2 SIZE: This is the current number of Couchbase nodes that the Kubernetes Operator is maintaining for the query server class. Considering that we set servers.query.size to 2 in our cluster configuration, and because the cluster doesn’t yet have the ability to automatically scale, we can expect that the SIZE listed here will be 2. Once we create an HPA for the query server class, and the number of query nodes begins to scale, the SIZE will update to reflect the number of nodes currently being maintained.

Accessing the Couchbase Web Console

Having access to the Couchbase Web Console can make it easier to verify the result of certain actions in this tutorial. To gain access, start by checking the status of the Helm chart:

$ helm status scale

The console output conveniently contains the necessary details for accessing the Couchbase Web Console.

== Connect to Admin console
   kubectl port-forward --namespace default scale-couchbase-cluster-0000 8091:8091

   # open http://localhost:8091
   username: Administrator
   password: <redacted>

Run the kubectl port-forward command to forward the necessary port to the listed pod. Once the port has been forwarded, you can access the Couchbase Web Console at http://localhost:8091. Log in using the listed username and password.

Create a Horizontal Pod Autoscaler

Now that we’ve confirmed that CPU metrics data are being collected, we can create a HorizontalPodAutoscaler resource that targets this metric.

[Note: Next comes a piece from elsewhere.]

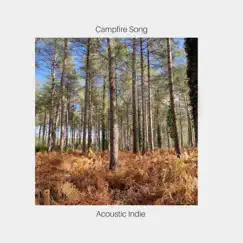 Campfire Song - Single by Acoustic Indie album reviews, ratings, credits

For this tutorial, we’ll be configuring an HPA to scale the number of Couchbase query nodes in our cluster when the CPU usage of a query pod exceeds 70%. When CPU usage exceeds 70%, additional query nodes will be added, and when usage falls below 70% then the HPA will consider scaling down to reduce overhead. This example shows both scaling up and scaling down.

Run the following command to create a HorizontalPodAutoscaler resource that will take action when the CPU of a query pod exceeds 70%:

$ cat << EOF | kubectl apply -f -
---
kind: HorizontalPodAutoscaler
apiVersion: autoscaling/v2
metadata:
  name: query-cpu-hpa
spec:
  scaleTargetRef:
    apiVersion: couchbase.com/v2
    kind: CouchbaseAutoscaler (1)
    name: query.scale-couchbase-cluster (2)
  behavior:
    scaleUp:
      stabilizationWindowSeconds: 30
      policies:
      - type: Pods
        value: 1
        periodSeconds: 15
    scaleDown:
      stabilizationWindowSeconds: 60 (3)
  minReplicas: 2 (4)
  maxReplicas: 6 (5)
  metrics:
  - type: Resource
    resource:
      name: cpu (6)
      target:
        type: Utilization
        averageUtilization: 70 (7)
EOF

1 scaleTargetRef.kind: This field must be set to CouchbaseAutoscaler, which is the kind of custom resource that gets automatically created by the Kubernetes Operator when you enable auto-scaling for a particular server class.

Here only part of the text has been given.